En junio de 1503, durante su cuarto viaje, el Caribe le gastó a Colón una broma. 'Broma', de hecho, es el nombre popular de la Teredo navalis, un molusco que se alimenta de madera sumergida y se cebó con los cuatro barcos de la expedición hasta destruirlos. Maltrechos y desnutridos, los marinos naufragaron en Jamaica.
Al principio, mientras esperaban la llegada del rescate, el centenar de expedicionarios recibió ayuda y comida de los nativos. Pero a medida que pasaban los meses y nadie iba a por ellos, la cosa se descontroló y los indígenas dejaron de avituallar a los náufragos.
El 29 de febrero de 1504 y a la desesperada, Colon visitó la aldea de los nativos y, con una gran puesta en escena, predijo que la luna se oscurecería como muestra del enfado de los dioses por el maltrato que estaban dando. Aquella noche, en efecto, la luna desapareció. No era magia, era astronomía.

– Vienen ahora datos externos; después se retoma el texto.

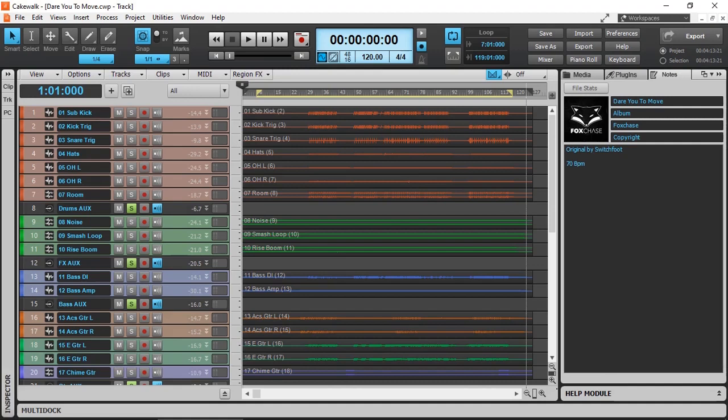Since it's not usually possible to use client's projects for my video demonstrations, I've decided to use a multi-track project - 'Dare You to Move,' a cover song by Foxchase, original by Switchfoot - to demonstrate and show you how I start my mixing session in Cakewalk by BandLab.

Astronomía y superstición.
Y es que los eclipses llevan milenios asustando a la humanidad. "Nada puede ser sorprendente, imposible o milagroso, ahora que Zeus, padre de los Olímpicos ha hecho la noche en pleno día, ocultando la luz del sol brillante. Un miedo que debilita el ánimo sobrevino a la humanidad. Después de esto, los hombres pueden creer y esperar cualquier cosa". Arquíloco, el autor de esas frases, estaba describiendo un eclipse de sol. Un eclipse que pudo ver con sus propios ojos el 6 de abril del 647 a.C. en la isla de Paros.
Para esa época ya había 'proto-científicos' que habían adivinado qué eran y por qué ocurrían los eclipses, sin embargo durante la mayor parte de la historia de la humanidad (hasta el siglo XVII en muchos casos) la inmensa mayoría de las personas creían que eran intervenciones divinas. Muchas lo siguen creyendo.

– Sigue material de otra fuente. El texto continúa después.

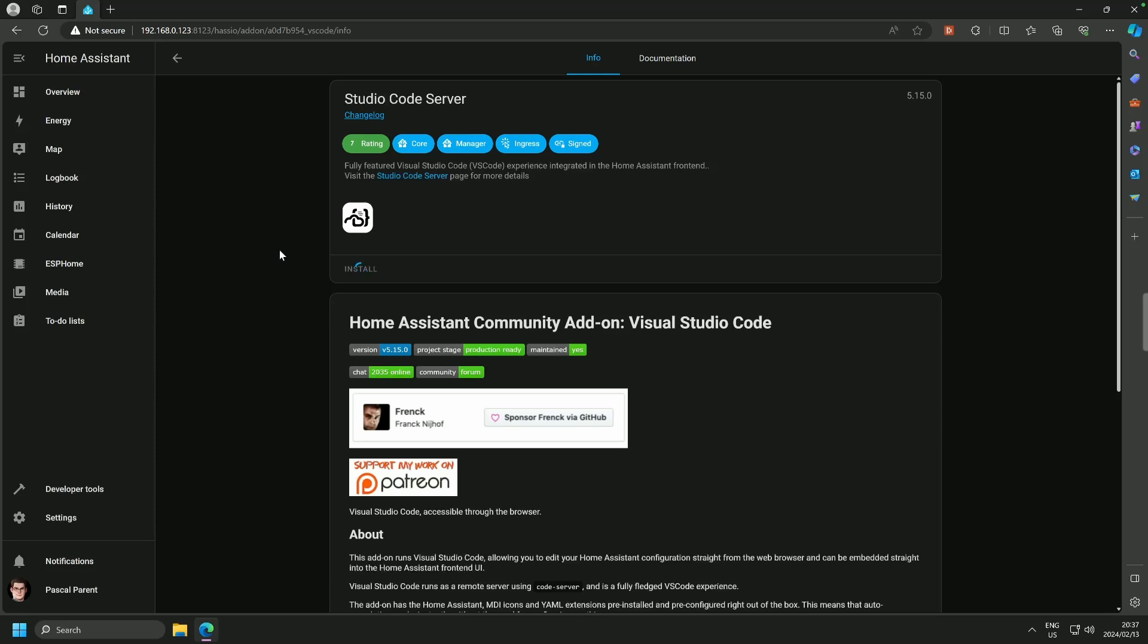Now this is going to take a second so I will catch you when it is installed. A few moments later.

Cada eclipse, un fin del mundo. Durante el eclipse de sol de 2017, varios grupos evangelistas por todo Estados Unidos estuvieron predicando que ese evento constituía el comiendo de la "Gran Tribulación", siete años terribles que diezmarían la población mundial en hasta un 75%. Lo cierto es que teniendo en cuenta cómo han ido estos siete años (con pandemias, guerras y recesiones económicas a la orden del día), no negaré que alguna tribulación hemos tenido. Pero desde luego, la sangre no ha llegado al río.

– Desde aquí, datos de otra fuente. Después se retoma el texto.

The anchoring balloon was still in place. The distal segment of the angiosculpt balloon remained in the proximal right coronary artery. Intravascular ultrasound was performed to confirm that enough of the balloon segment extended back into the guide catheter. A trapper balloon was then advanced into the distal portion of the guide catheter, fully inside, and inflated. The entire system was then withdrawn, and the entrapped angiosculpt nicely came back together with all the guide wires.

De hecho, ni siquiera hace falta un eclipse. En 1910, con la llegada del cometa Halley, el mundo se volvió loco y la prensa de la época se pasó meses diciendo que "se venía el fin del mundo" o que "el cometa podría arrasar toda la vida" con argumentos tan plausibles como que "el gas cianógeno [del cometa] impregnaría la atmósfera". Un poco antes, en 1859, cuando el evento Carrington revolucionó el campo magnético de la Tierra, las reacciones fueron similares.
La explicación es sencilla. "En la antigüedad, la gente regularizaba sus vidas según el orden del mundo que los rodeaba, la mitad del cual era el cielo", explicaba el astrónomo Edwin Krupp en la BBC. "Y acontecimientos como un eclipse suponían una intrusión del caos en ese orden. Hoy en día todavía hay partes del mundo, como la India, donde [algunas] mujeres embarazadas no salen durante el eclipse porque creen que son vulnerables, lo que se deriva de estos antiguos miedos”.
Y, como decía Bradley Schaefer, profesor de astronomía y astrofísica en la Universidad Estatal de Luisiana, "en todas las sociedades alrededor del mundo, los eclipses y cometas eran los fenómenos más temidos". Tenemos registros de ello desde Babilonia a la Polinesia, desde China a los mapuches del cono sur.
Queda mucho por hacer. Hoy por hoy, la alfabetización científica ha avanzado mucho y las zonas que están declarando el estado de emergencia lo hacen por los turistas (y no porque crean que se va a acabar el mundo). No obstante, esos miedos son algo más que falta de divulgación científica. Nos hablan de cómo ve el mundo una buena parte de la sociedad y de todas las cosas que nos quedan por hacer.